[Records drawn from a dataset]
- Opening Delimiter -

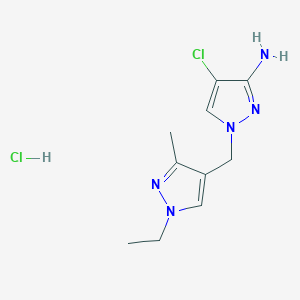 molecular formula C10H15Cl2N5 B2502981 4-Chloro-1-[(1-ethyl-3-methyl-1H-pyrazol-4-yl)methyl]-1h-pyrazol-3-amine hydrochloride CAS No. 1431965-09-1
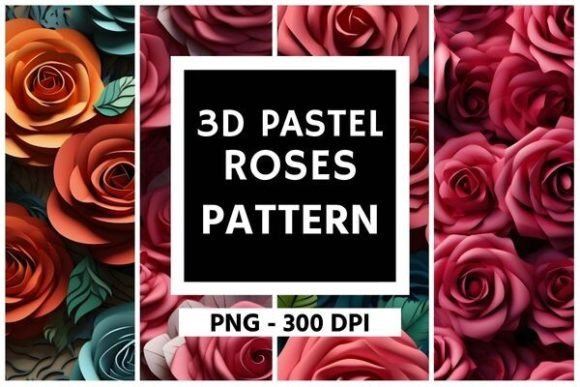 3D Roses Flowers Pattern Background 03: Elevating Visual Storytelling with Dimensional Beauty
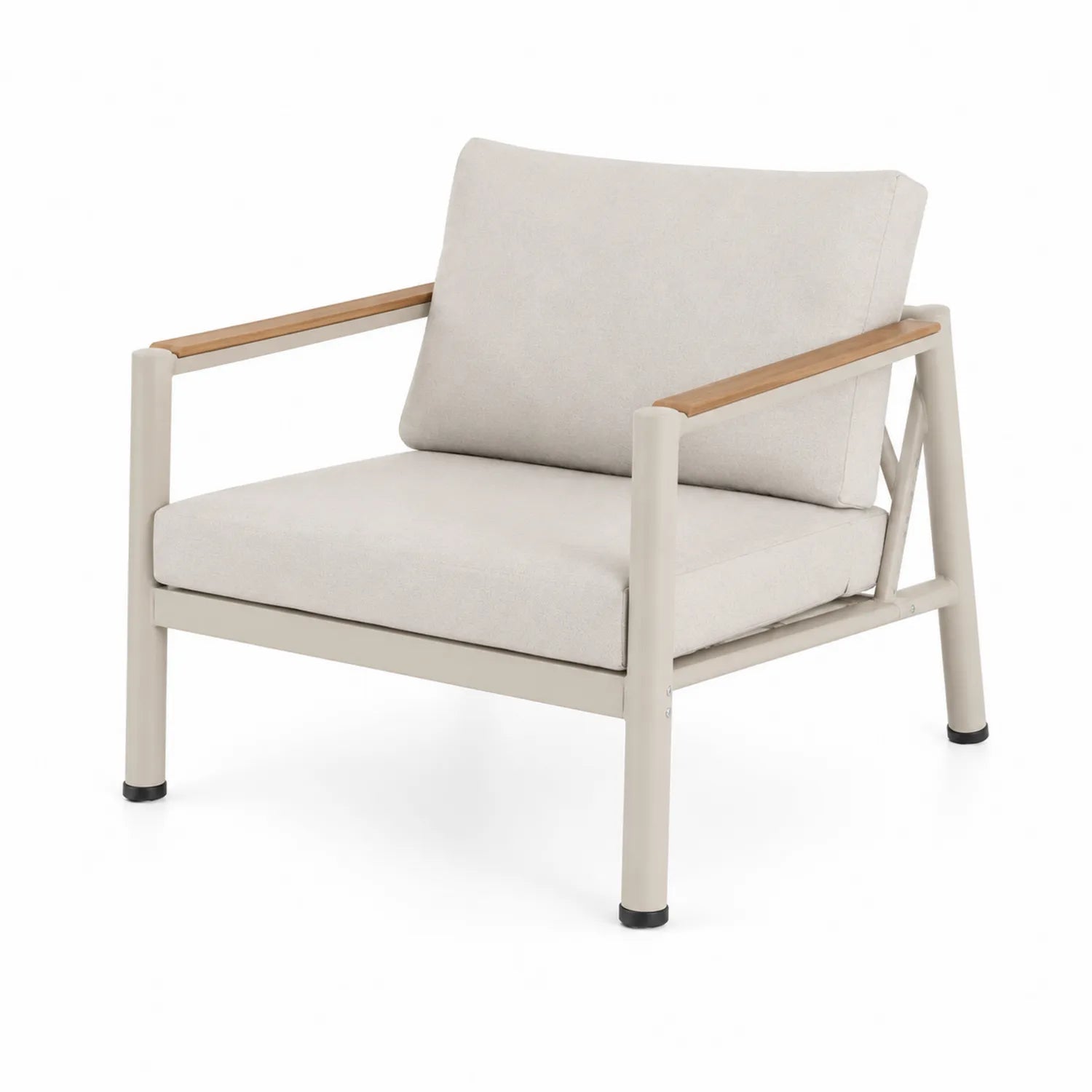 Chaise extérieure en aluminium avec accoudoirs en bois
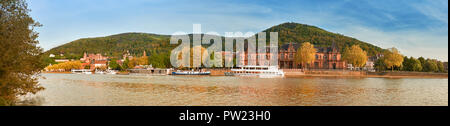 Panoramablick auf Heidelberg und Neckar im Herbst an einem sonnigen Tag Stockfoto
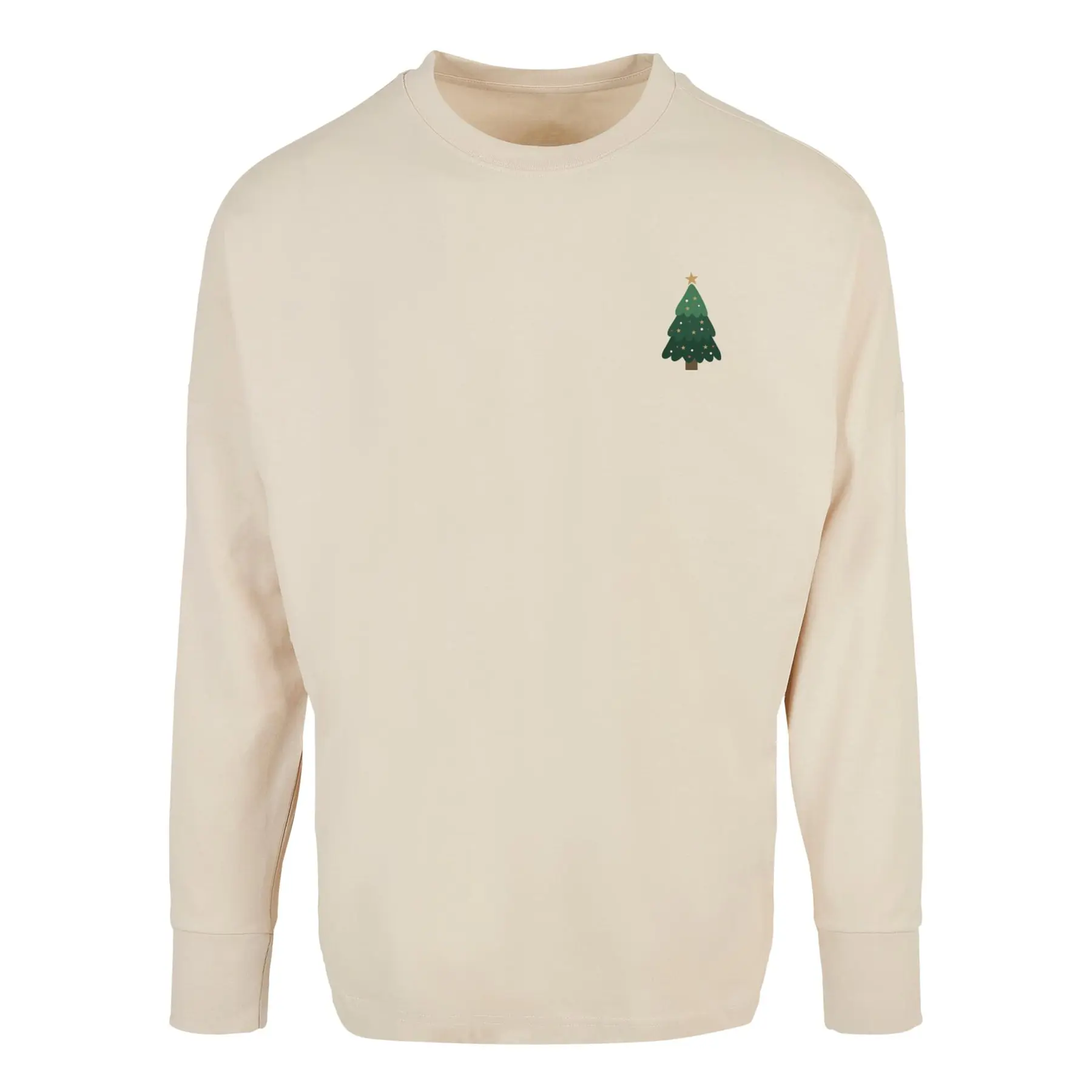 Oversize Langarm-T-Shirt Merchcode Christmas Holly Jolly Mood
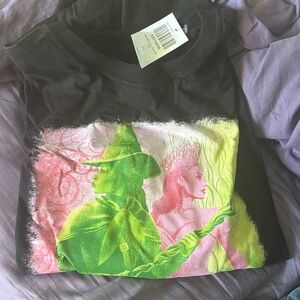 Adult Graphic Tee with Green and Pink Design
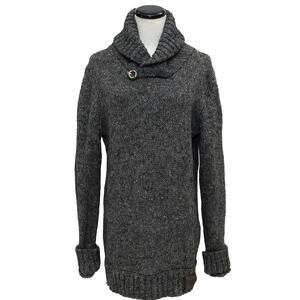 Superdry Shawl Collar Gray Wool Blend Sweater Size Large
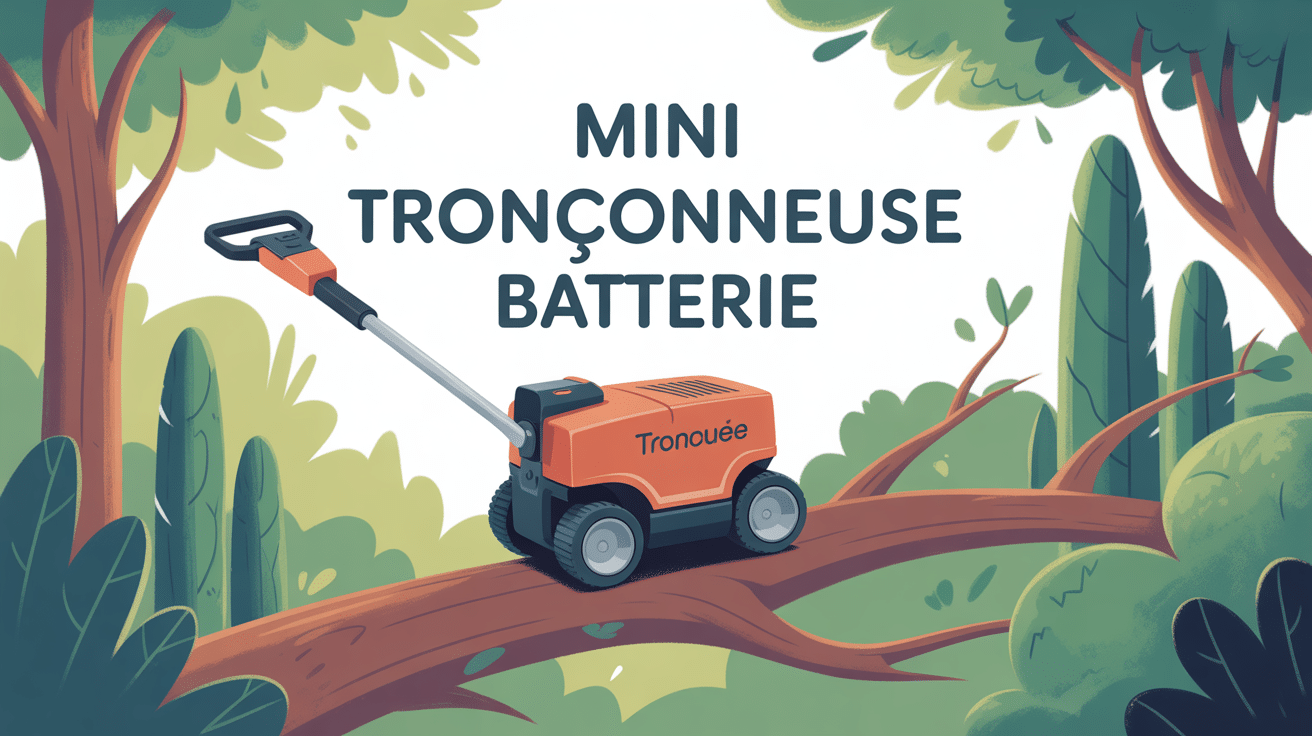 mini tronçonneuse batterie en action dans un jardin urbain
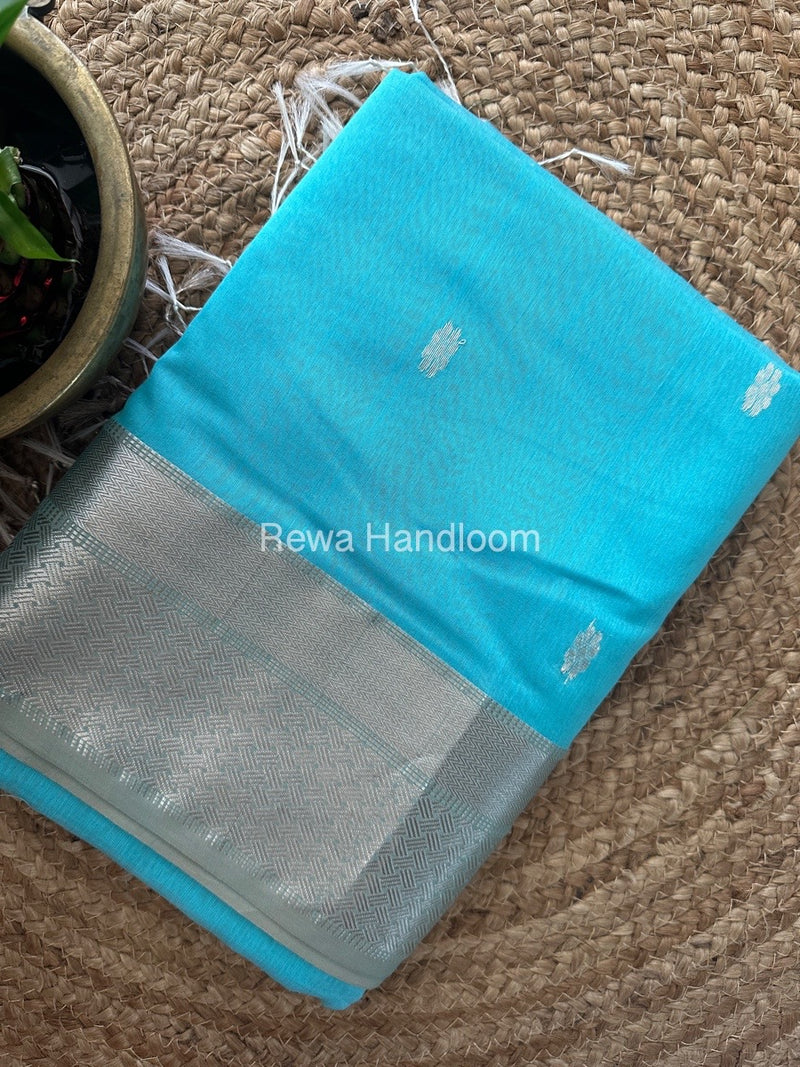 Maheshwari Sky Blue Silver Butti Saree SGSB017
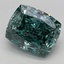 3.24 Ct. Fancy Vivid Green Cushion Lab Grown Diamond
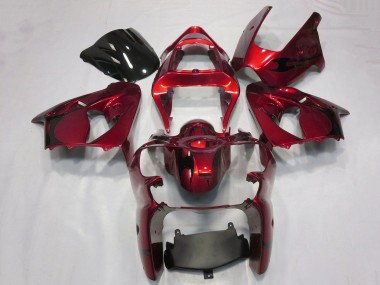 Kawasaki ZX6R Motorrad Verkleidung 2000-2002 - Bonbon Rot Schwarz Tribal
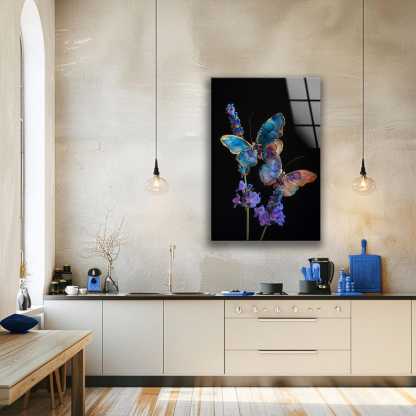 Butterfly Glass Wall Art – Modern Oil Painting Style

- Closing Delimiter -

▶ [What is being asked]: Output the entries exactly and keep every picture out of them.

▶ [Completed exercise]:
 molecular formula C10H15Cl2N5 B2502981 4-Chloro-1-[(1-ethyl-3-methyl-1H-pyrazol-4-yl)methyl]-1h-pyrazol-3-amine hydrochloride CAS No. 1431965-09-1
 3D Roses Flowers Pattern Background 03: Elevating Visual Storytelling with Dimensional Beauty
 Chaise extérieure en aluminium avec accoudoirs en bois
 Panoramablick auf Heidelberg und Neckar im Herbst an einem sonnigen Tag Stockfoto
 Oversize Langarm-T-Shirt Merchcode Christmas Holly Jolly Mood
 Adult Graphic Tee with Green and Pink Design
 Superdry Shawl Collar Gray Wool Blend Sweater Size Large
 mini tronçonneuse batterie en action dans un jardin urbain
 Maheshwari Sky Blue Silver Butti Saree SGSB017
 3.24 Ct. Fancy Vivid Green Cushion Lab Grown Diamond
 Kawasaki ZX6R Motorrad Verkleidung 2000-2002 - Bonbon Rot Schwarz Tribal
 Butterfly Glass Wall Art – Modern Oil Painting Style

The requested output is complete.